Apparently, the Internet Archive is no longer generating Djvu files, so the folks on WikiSource don't have a web interface for generating them any more. We should investigate what would be involved in setting up a simple interface on Tool Labs for generating Djvu files from PDFs or a set of JPGs.
Description
Related Objects
Event Timeline
Change 330481 had a related patch set uploaded (by Pppery):
Canonicalize title before creating new newsletter
The IA Upload tool can be modified to do this, by incorporating the process that's defined in @Alex_brollo's jp2tojdvu.py.
See https://github.com/Tpt/ia-upload/issues/14
It uses a few external commands from djvuLibre, which is already available on Tool Labs.
This feature is ready for testing at https://tools.wmflabs.org/ia-upload/test/
The patch is at https://github.com/wikisource/ia-upload/pull/18 (not quite ready for review yet).
An issue was identified when the JP2 files had different filenames than were expected (e.g. containing [^a-zA-Z0-9]) and this is now fixed.

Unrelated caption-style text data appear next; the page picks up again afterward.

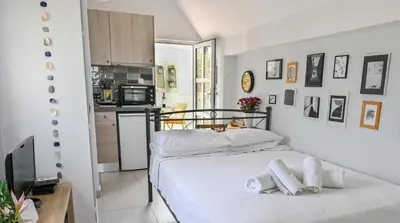 a bedroom with two white towels on a bed at Top of the city Central studio with Acropolis View in Athens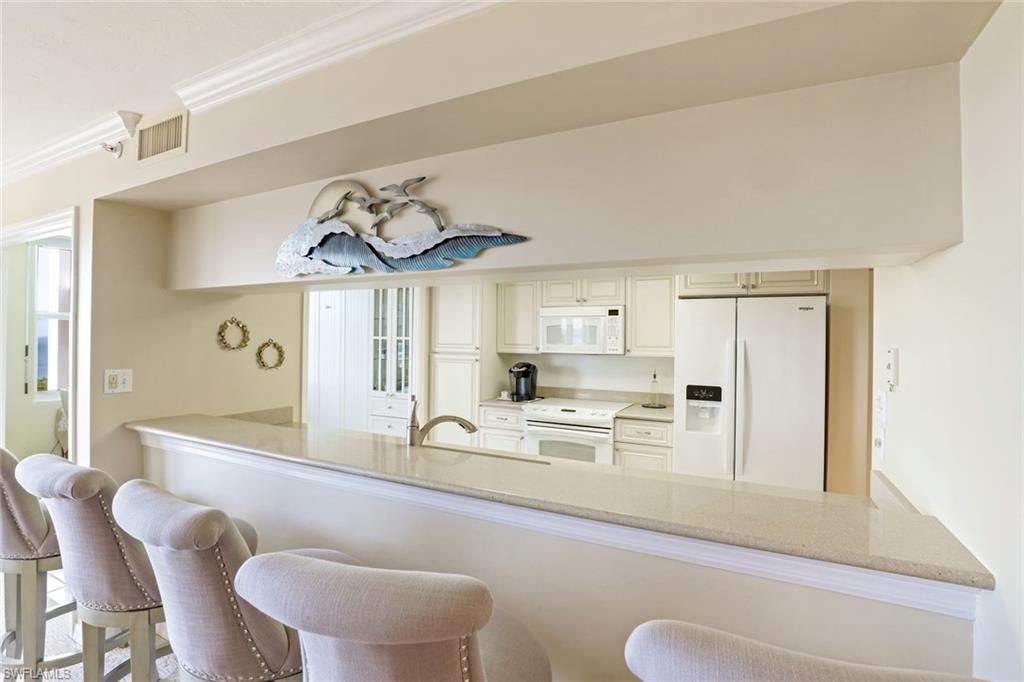 6573 Marissa Loop, Unit 1902 Naples, FL 34108 - Photo 3 of 21 a dining room with furniture and window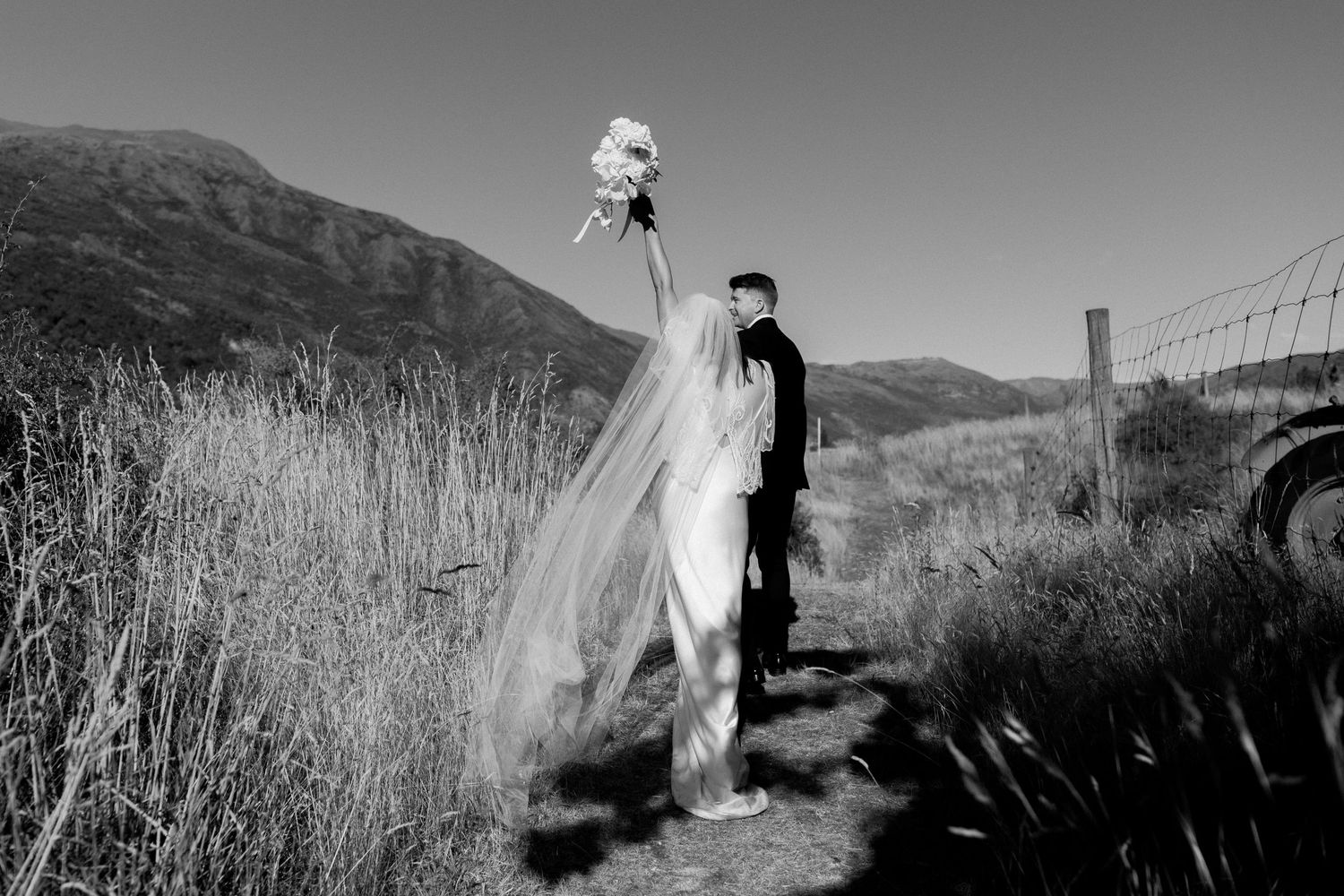 A black and white artistic wedding photograph showing a flowing dress blowing in the wind along a mountainside trail.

It seems that the page names in DjVu XML are somewhat constrained.
I think the patch is ready to merge. Will wait for some more testing though — https://tools.wmflabs.org/ia-upload/test/
@Samwilson: What did you find out about storing user OAuth credentials? Is this kosher or not? @bd808 might be a good person to ask about it.
I asked on labs-l and they suggest using a database instead, but that a 0600 json file is still okay. The file is created like this:
$oldUmask = umask( 0177 ); touch( $jobFile ); umask( $oldUmask ); chmod( $jobFile, 0600 ); file_put_contents( $jobFile, \GuzzleHttp\json_encode( $jobInfo ) );
Fair enough :)
So I guess the answer to the investigation question is... Yes!
I'll create a follow-up task for actually finishing the merge/roll-out/documentation.